Brazil's president suggested Friday that bad weather may not have caused a massive blackout that left nearly a third of the population without electricity, saying he'll wait for an investigation to conclude how the outage happened.
President Luiz Inacio Lula da Silva backed off earlier claims by his energy minister that strong storms, wind and lightning caused a failure in transmission lines _ after the government's own satellite imagery showed that lightning strikes were neither close enough nor strong enough to cause such damage.
"There must be an investigation that follows all leads to find out what really happened," Silva told reporters in Sao Paulo. "If the system is robust and efficient as we believe, and we produce energy at will, why did we have this disaster?"
The blackout hit 18 of Brazil's 26 states and also left 7 million people without water service after energy from the massive Itaipu dam, the source of one-fifth of Brazil's power, went completely offline. In all, some 60 million people lost power in the nation of more than 190 million.
The blackouts also raised questions about whether Brazil is sufficiently prepared to provide secure energy when it hosts the World Cup in 2014 and the 2016 Olympic Games in Rio de Janeiro.
After the blackout darkened both Rio and Sao Paulo and other key cities Tuesday night, Brazilian Energy Minister Edison Lobao said it was bad weather that took out transmission lines running from Itaipu to two electric substations in Sao Paulo state. Three key transformers short-circuited, he said.
But the National Institute for Space Research said the nearest lightning strikes were six miles (10 kilometers) from any transmission line. Others pointed out that the transformers are built to withstand the heavy rains common in Brazil.
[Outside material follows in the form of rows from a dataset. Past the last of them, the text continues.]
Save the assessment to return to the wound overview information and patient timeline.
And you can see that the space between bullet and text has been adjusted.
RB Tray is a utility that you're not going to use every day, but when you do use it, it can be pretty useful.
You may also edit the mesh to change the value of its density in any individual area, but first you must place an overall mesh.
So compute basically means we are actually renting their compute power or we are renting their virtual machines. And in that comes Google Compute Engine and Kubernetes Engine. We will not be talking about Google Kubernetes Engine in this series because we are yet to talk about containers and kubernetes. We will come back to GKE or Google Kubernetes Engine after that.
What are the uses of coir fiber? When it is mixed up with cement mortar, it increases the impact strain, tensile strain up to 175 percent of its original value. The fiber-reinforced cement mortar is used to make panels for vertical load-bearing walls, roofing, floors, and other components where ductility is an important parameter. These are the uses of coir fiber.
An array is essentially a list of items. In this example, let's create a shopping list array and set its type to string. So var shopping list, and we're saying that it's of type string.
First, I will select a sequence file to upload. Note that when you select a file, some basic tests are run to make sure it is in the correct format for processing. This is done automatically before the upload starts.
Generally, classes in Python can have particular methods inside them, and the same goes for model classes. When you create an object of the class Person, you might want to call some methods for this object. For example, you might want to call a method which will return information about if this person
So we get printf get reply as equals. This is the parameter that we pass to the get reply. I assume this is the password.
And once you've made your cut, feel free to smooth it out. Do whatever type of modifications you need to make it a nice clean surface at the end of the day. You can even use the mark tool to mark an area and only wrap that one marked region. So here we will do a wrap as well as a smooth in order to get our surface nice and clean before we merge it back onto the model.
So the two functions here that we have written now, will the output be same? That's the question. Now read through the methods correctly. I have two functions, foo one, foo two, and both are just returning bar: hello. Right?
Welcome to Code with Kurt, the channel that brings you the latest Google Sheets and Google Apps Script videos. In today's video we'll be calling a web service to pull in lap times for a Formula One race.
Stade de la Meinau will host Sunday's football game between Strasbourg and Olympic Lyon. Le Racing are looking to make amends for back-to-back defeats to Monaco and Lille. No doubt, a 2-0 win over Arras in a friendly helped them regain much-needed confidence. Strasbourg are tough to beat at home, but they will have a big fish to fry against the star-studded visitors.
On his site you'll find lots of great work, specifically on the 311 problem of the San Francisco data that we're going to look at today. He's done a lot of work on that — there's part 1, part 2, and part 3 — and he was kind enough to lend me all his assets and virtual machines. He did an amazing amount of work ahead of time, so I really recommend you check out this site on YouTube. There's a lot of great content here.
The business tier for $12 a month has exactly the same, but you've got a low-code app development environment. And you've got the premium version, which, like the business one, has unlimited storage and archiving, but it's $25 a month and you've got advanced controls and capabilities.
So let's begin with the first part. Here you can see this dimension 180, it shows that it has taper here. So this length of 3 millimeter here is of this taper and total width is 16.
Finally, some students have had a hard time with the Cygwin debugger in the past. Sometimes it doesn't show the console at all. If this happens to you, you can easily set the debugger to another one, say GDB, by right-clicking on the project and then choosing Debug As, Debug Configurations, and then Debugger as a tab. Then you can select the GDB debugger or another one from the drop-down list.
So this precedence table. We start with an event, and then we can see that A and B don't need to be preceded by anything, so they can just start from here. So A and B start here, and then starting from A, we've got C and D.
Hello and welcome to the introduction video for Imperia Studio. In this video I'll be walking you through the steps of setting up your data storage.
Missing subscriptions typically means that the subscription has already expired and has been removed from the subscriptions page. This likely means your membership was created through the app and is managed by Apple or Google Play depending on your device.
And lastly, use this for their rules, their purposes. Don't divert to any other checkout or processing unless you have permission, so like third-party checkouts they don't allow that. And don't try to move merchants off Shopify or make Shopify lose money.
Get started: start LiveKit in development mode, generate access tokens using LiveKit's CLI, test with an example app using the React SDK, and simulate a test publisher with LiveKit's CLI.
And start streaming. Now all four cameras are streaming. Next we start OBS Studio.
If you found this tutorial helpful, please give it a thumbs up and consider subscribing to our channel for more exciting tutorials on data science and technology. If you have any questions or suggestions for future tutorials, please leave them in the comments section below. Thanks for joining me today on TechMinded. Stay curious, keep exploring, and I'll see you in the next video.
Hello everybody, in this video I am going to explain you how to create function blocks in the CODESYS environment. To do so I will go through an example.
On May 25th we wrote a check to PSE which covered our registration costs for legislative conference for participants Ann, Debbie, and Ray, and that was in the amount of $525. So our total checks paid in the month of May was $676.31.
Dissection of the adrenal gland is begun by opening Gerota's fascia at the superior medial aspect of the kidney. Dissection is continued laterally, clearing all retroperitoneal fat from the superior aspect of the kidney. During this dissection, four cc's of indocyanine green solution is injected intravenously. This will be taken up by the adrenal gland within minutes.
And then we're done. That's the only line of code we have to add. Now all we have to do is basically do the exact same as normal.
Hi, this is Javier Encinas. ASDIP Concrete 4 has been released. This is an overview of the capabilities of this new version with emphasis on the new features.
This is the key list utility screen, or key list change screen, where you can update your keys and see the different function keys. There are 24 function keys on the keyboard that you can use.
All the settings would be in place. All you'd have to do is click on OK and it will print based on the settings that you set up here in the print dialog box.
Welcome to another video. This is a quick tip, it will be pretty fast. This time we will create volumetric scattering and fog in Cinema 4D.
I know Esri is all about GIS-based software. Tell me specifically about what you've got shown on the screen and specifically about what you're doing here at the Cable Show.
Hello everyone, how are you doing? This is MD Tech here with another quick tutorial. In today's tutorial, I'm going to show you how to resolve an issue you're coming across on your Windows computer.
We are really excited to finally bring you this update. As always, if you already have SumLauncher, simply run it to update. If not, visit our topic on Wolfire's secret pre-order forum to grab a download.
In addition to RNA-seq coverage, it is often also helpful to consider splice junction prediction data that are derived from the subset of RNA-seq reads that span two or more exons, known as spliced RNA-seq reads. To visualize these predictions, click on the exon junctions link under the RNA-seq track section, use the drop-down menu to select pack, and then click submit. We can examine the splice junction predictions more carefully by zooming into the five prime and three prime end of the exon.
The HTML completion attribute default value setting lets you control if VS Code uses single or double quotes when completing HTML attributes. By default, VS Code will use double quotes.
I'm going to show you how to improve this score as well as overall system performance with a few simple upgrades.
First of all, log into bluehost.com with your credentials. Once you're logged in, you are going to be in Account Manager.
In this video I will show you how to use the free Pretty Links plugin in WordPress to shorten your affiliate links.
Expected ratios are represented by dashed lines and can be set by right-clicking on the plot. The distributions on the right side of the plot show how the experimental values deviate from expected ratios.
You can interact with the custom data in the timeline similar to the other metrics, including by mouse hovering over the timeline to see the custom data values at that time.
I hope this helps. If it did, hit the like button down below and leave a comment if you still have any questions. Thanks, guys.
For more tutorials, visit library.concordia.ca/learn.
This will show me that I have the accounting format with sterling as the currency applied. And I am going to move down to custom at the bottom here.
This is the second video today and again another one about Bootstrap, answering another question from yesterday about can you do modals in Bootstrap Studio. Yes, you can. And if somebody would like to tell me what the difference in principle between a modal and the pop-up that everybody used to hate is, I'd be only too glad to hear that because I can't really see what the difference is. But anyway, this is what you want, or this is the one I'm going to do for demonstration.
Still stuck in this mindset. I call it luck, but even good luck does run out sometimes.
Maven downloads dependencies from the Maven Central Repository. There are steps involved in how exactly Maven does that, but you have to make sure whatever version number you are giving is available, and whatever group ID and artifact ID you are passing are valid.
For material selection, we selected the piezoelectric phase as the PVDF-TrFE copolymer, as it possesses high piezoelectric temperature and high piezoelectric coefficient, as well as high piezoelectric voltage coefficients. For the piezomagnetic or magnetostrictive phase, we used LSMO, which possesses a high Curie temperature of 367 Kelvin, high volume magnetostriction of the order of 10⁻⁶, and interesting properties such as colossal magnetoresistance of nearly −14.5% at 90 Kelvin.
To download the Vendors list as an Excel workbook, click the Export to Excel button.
Silva said there are no solid answers yet.
"We're in a stage of searching," Silva said. "When we end this phase we will enter the more objective phase with concrete results."
Silva called for the federal investigation into the causes of the blackout on Thursday, after it became clear many people were unsatisfied with Lobao's explanation.
There were also signs of infighting within the government after the power failure.
Jorge Miguel Samek, the head of Itaipu Binacional, the agency in charge of the dam, said the problem had nothing to do with the hydroelectric project, but with a failure in the transmission lines. But, Furnas Centrais Eletricas, the electric company that oversees the lines, said it had detected no problems with the lines.
Silva called top officials to a meeting in Brasilia on Wednesday afternoon, and they all agreed that bad weather was to blame.
But by Friday, Silva was pushing hard for a thorough investigation to determine the cause.
The blackouts came three days after CBS's "60 Minutes" news program reported that two past Brazilian power outages were caused by hackers.
Lobao declined to directly answer a reporter's question about whether hackers were involved, and Silva knocked down questions about the blackout being the result of sabotage.
"There is no reason for anyone to think that it was a bigger thing than it really was," he said Friday.